_WORK TO BE COMPLETED_.
Pictures stay out of the output. Return exactly the lines below from the one with "Gun Christmas Tree" down to the one with "3 Piece Patio", both included, and nothing more.

_LISTED ENTRIES_.
○ ○ ○ ○ ○

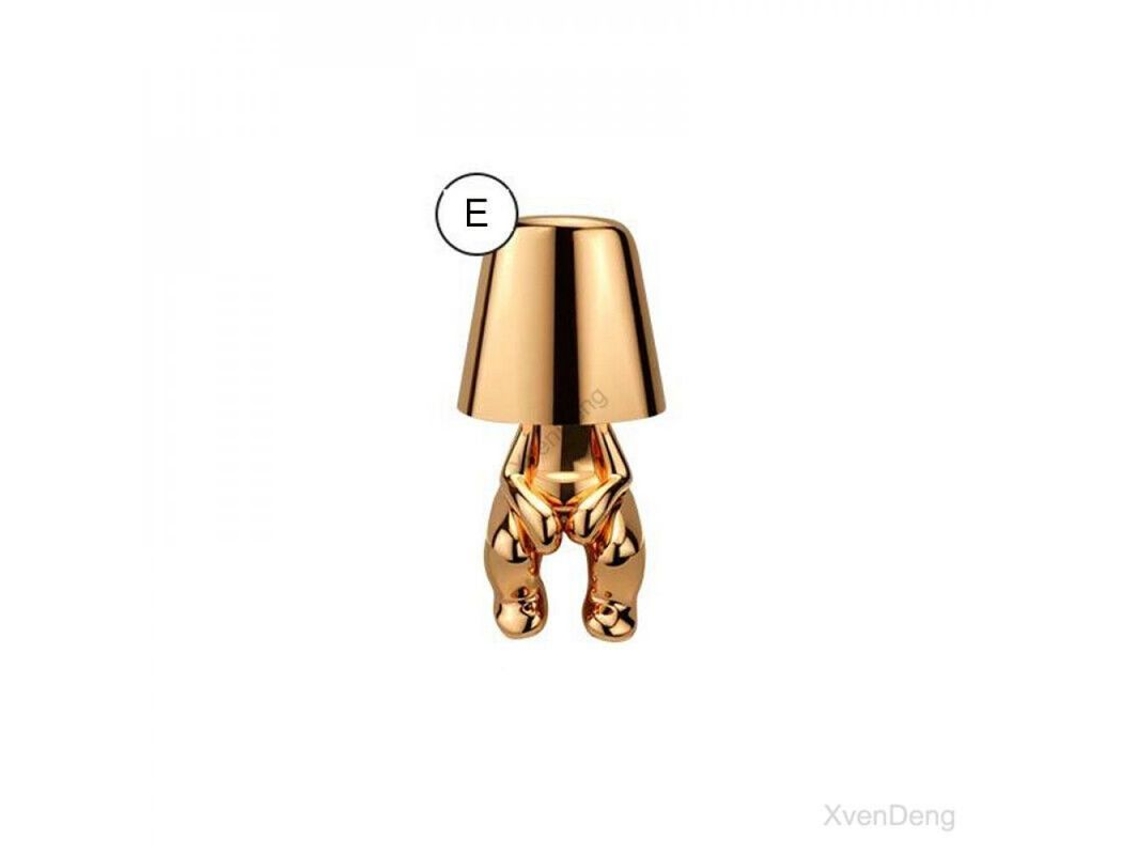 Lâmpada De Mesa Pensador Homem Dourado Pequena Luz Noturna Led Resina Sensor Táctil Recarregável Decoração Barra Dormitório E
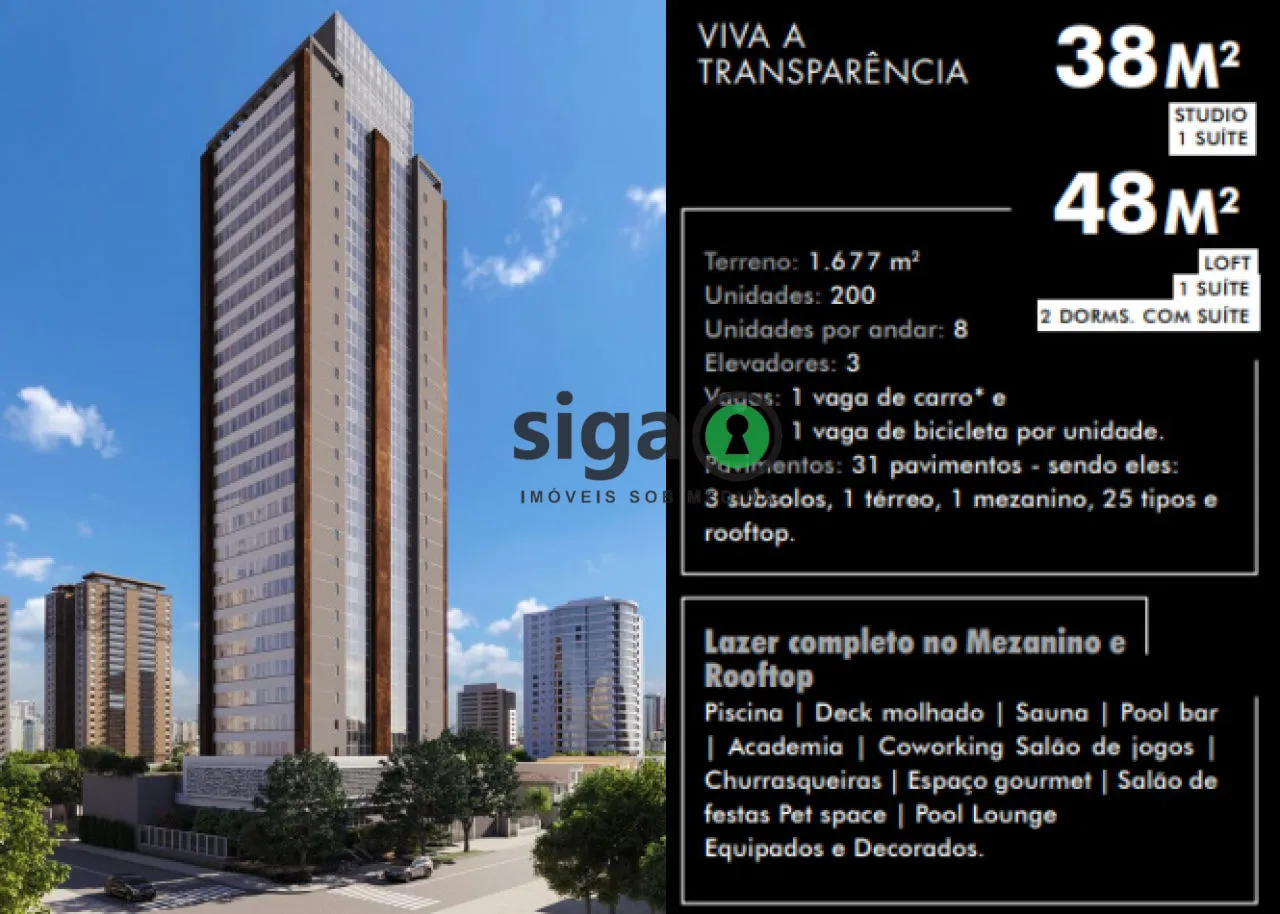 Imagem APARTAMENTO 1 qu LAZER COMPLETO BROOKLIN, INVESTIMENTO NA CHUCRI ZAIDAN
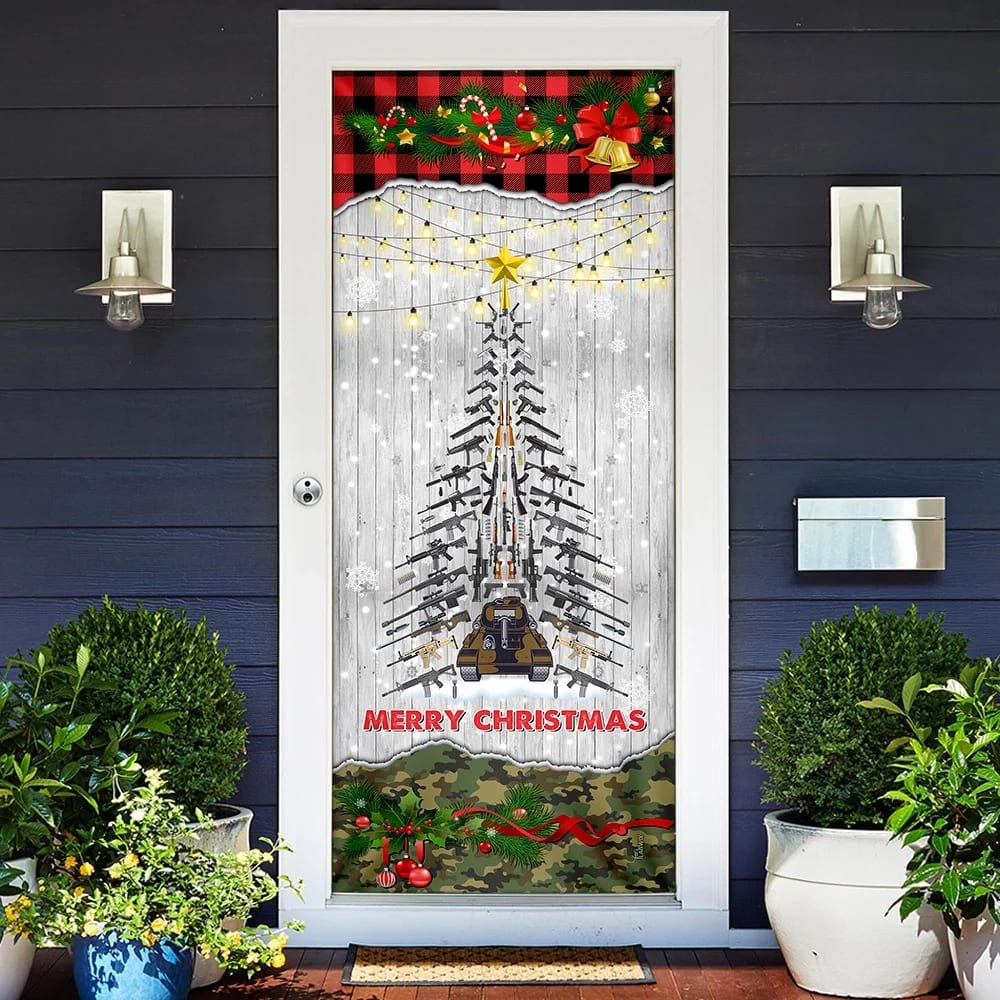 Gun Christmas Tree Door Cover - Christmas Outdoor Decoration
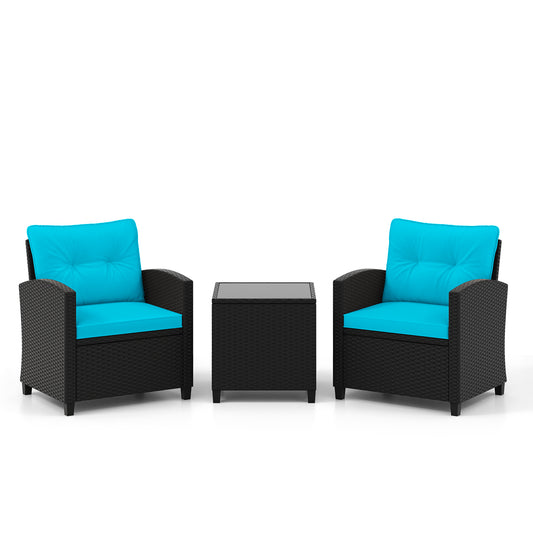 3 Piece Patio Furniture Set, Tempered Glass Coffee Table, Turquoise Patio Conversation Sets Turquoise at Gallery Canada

○ ○ ○ ○ ○

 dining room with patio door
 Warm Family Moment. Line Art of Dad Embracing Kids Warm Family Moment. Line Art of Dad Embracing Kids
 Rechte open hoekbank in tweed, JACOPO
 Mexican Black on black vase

○ ○ ○ ○ ○

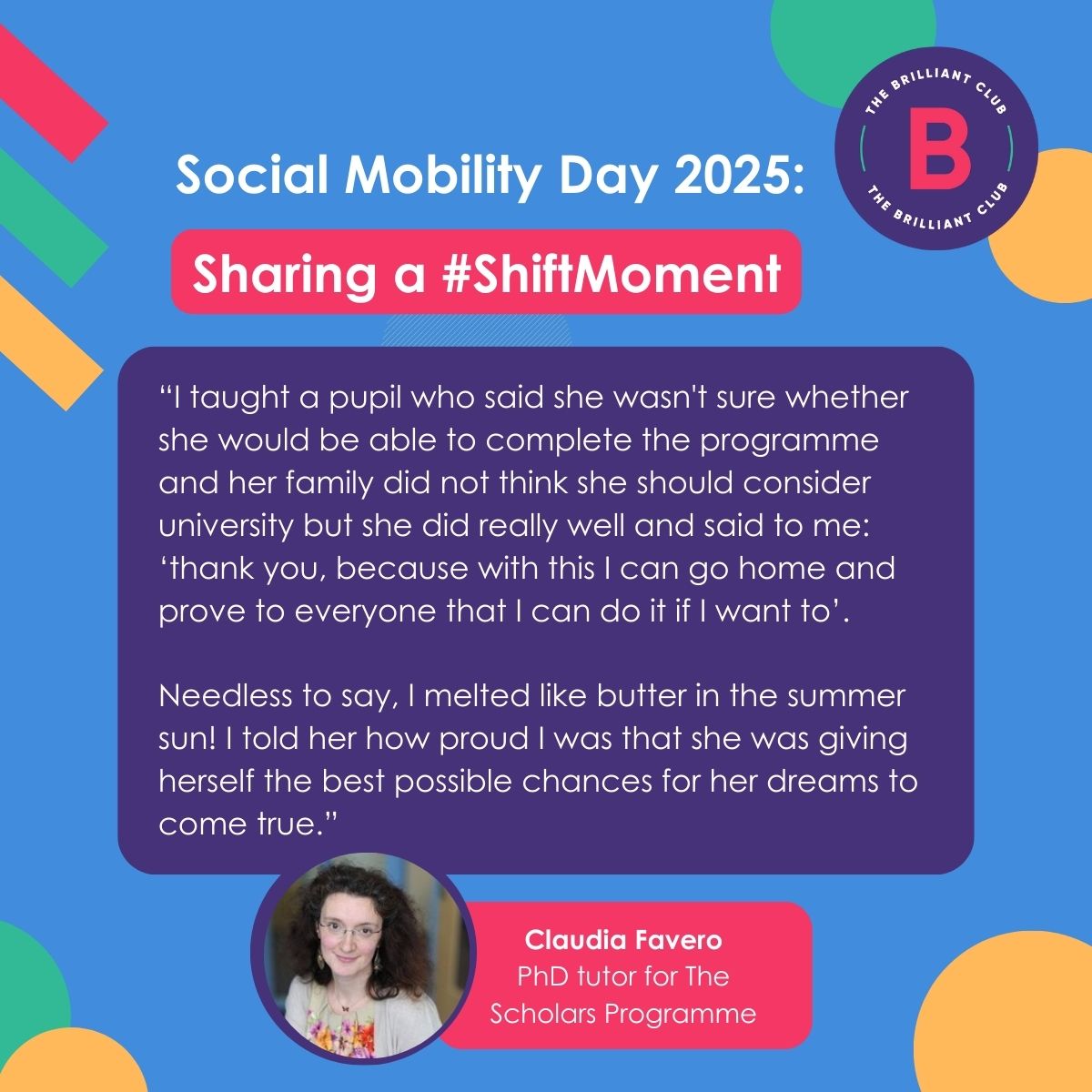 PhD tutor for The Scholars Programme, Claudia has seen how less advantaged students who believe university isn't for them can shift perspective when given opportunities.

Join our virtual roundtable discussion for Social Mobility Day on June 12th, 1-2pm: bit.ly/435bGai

○ ○ ○ ○ ○

_TASK SOLUTION_.
 Gun Christmas Tree Door Cover - Christmas Outdoor Decoration
 3 Piece Patio Furniture Set, Tempered Glass Coffee Table, Turquoise Patio Conversation Sets Turquoise at Gallery Canada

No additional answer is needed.